• Exercise goal: Print out the entries from the line containing "Double G crew-neck wool jumper" through the last line, exactly, and print nothing else. Pictures are not copied.

==*==

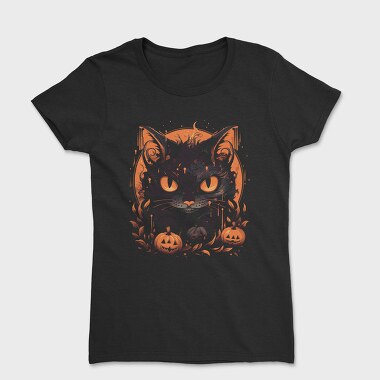Halloween Cat, Women's T-Shirt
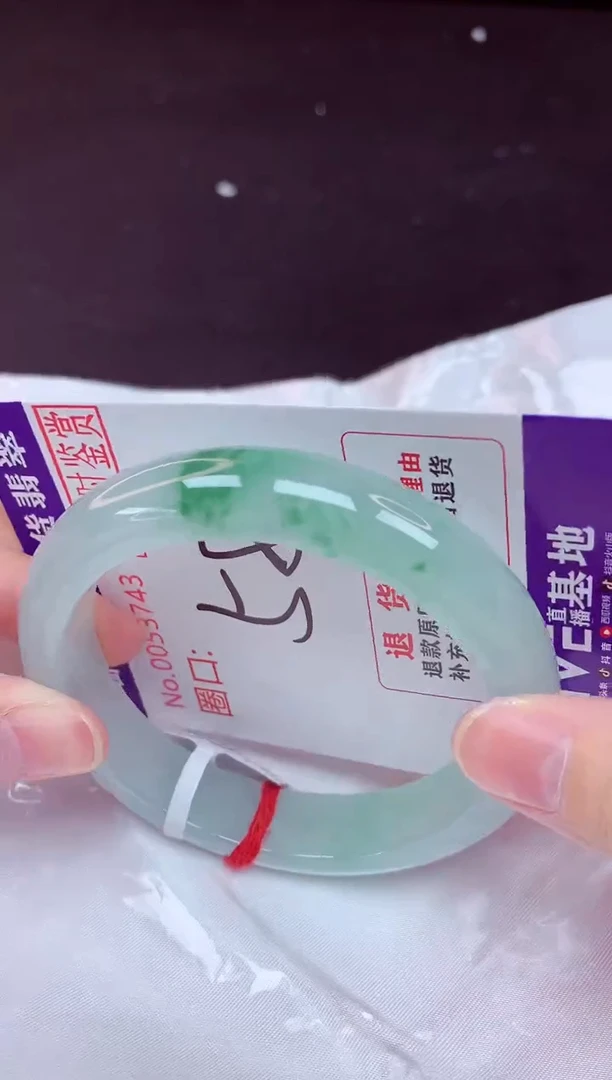 未镶嵌手镯翡翠58（48小时鉴赏期 ）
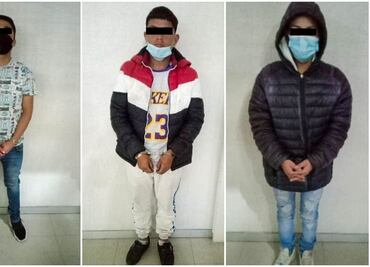 Caen tres hombres por asaltar un Coppel en Valle de Chalco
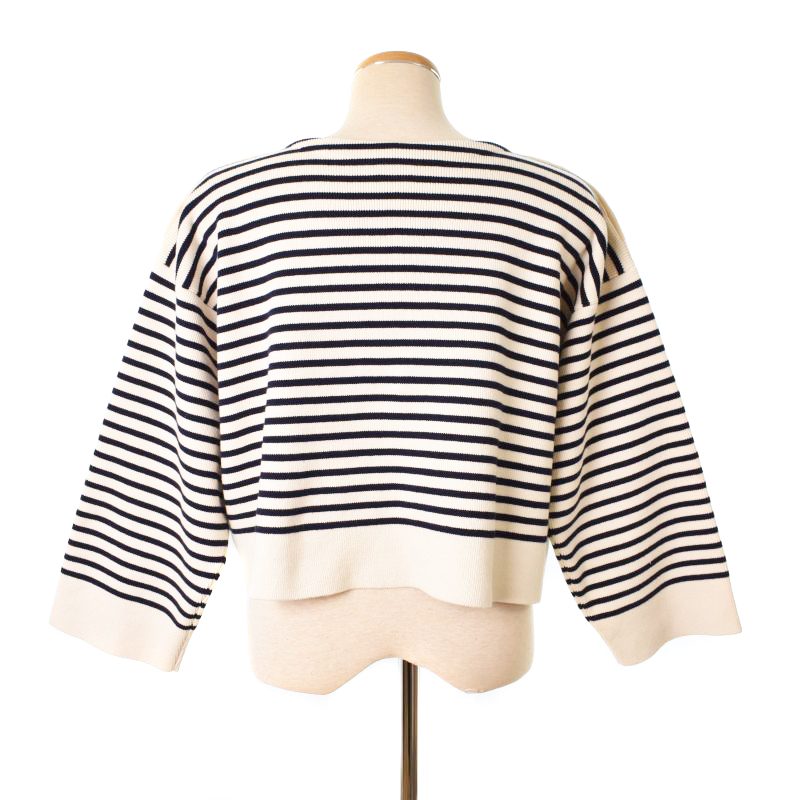 セリーヌ CELINE エンブロイダリー マリニエール コットン ニット プル  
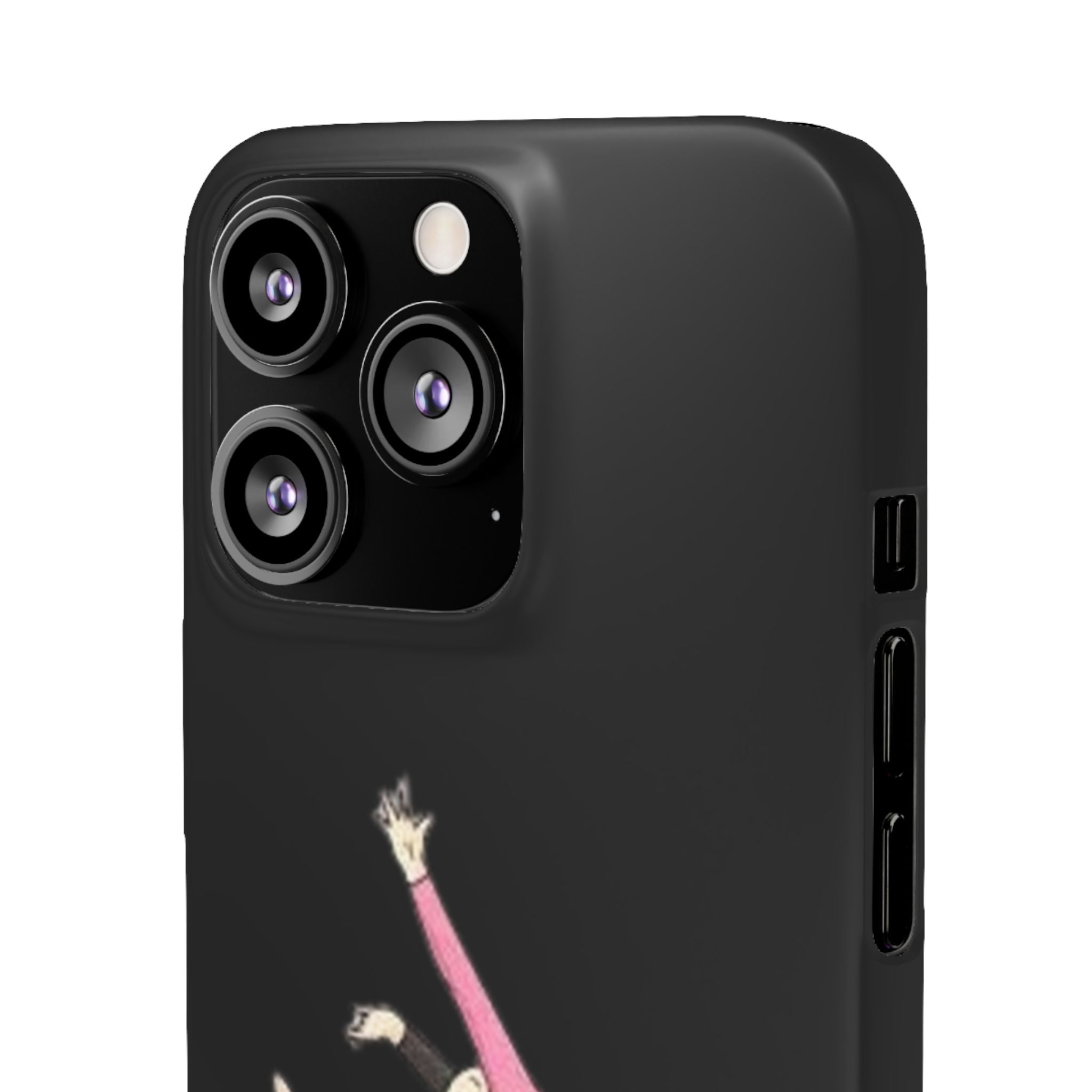 Gymnastics Phone Case — Leaping Girl Snap Case (Black)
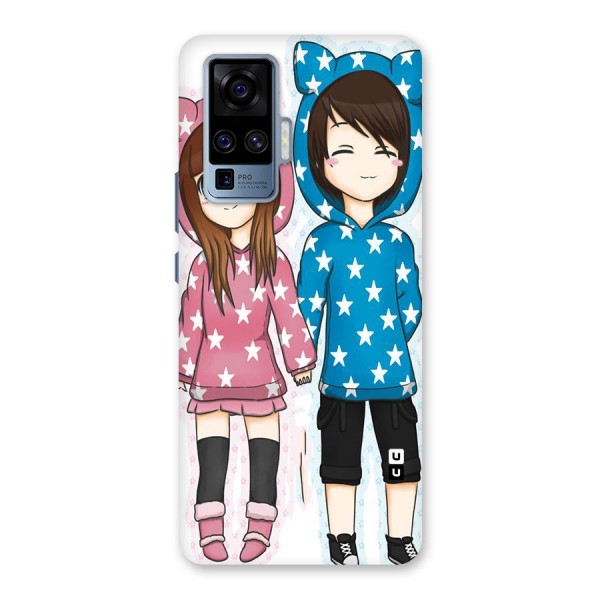 Couple In Stars Back Case for Vivo X50 Pro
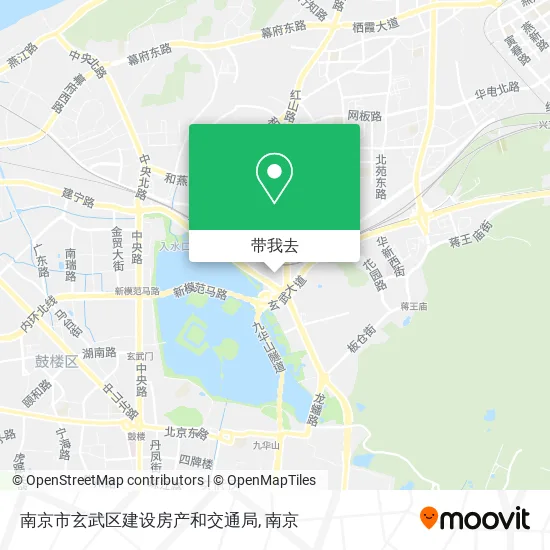 南京市玄武区建设房产和交通局地图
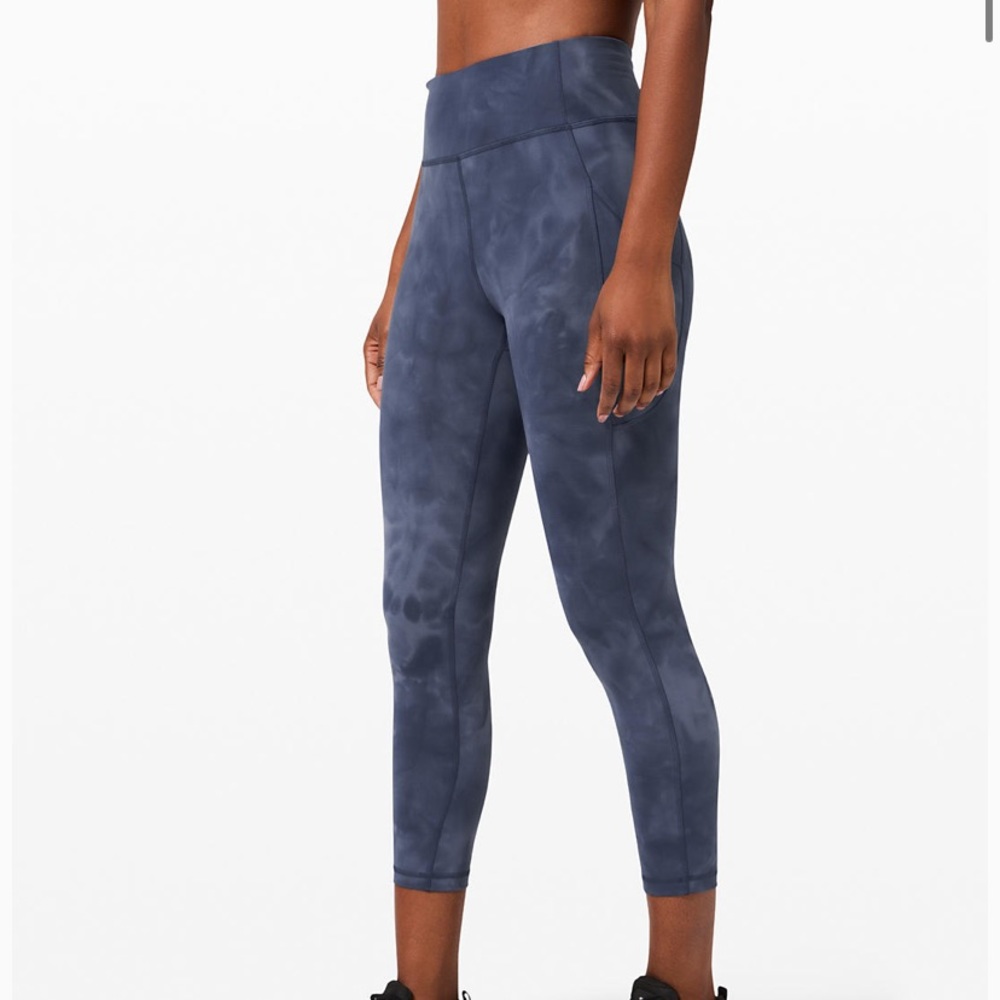 Lululemon invigorate diamond dye crop 23”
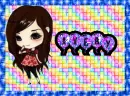 Avery text with chibi girl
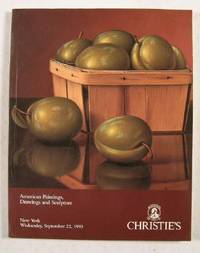 Christie's : American Paintings, Drawings and Sculpture : New York : September 22, 1993 : Sale No. ANDREW-7724
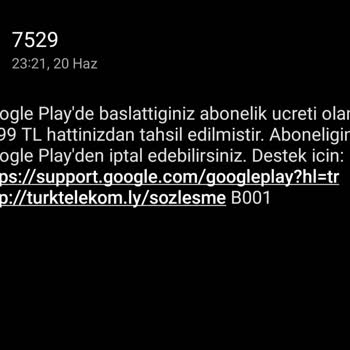 Türk Telekom Google Play Kafasına Göre Abone Ödemesi Çekiyor.
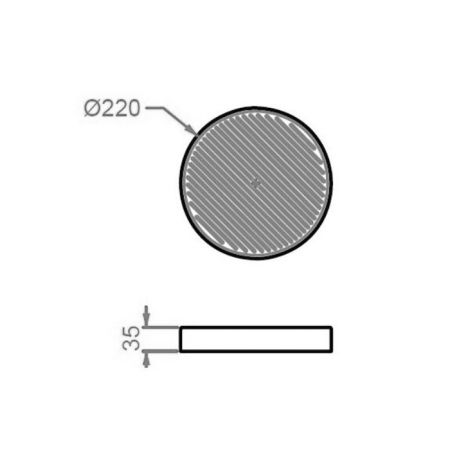 Artceram Cartesio Мыльница настольная керамическая d22 см, цвет розовый глянцевый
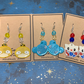 Made to Order - Pokemon Fish Hook Earrings Set 2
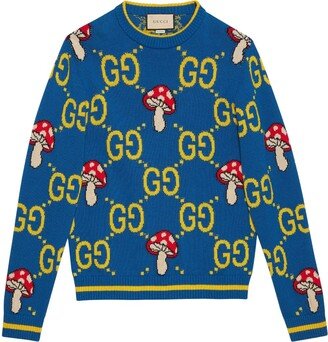 Double G crew-neck wool jumper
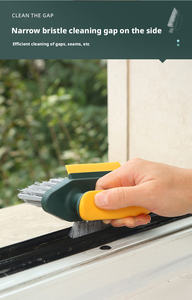 Cepillo de Limpieza Profunda Multisuperficie al por Mayor - Fregador Flexible para Azulejos de Baño, Juntas, Esquinas y Inodoros con Diseño Ergonómico - Product Image 2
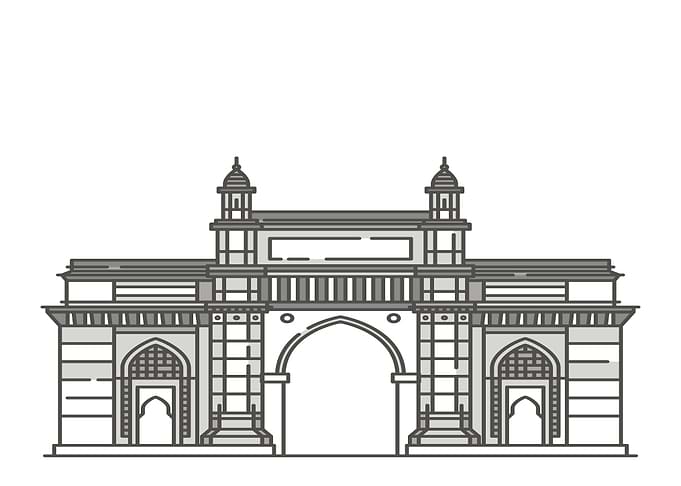 Gateway of India Minimalist Illustration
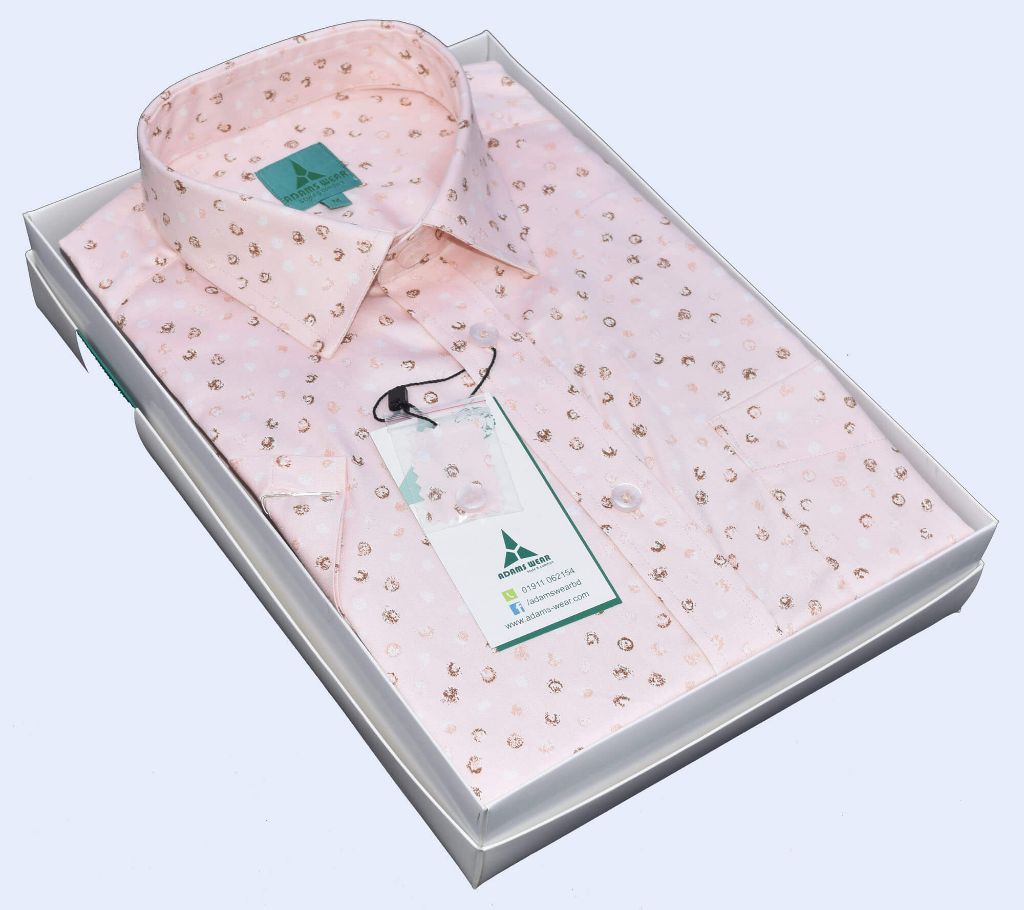 Indian Giza Cotton Printed Half Sleeve  Shirt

==*==

• Solution to the exercise:
 Double G crew-neck wool jumper
 Cepillo de Limpieza Profunda Multisuperficie al por Mayor - Fregador Flexible para Azulejos de Baño, Juntas, Esquinas y Inodoros con Diseño Ergonómico - Product Image 2
 Gateway of India Minimalist Illustration
 Indian Giza Cotton Printed Half Sleeve  Shirt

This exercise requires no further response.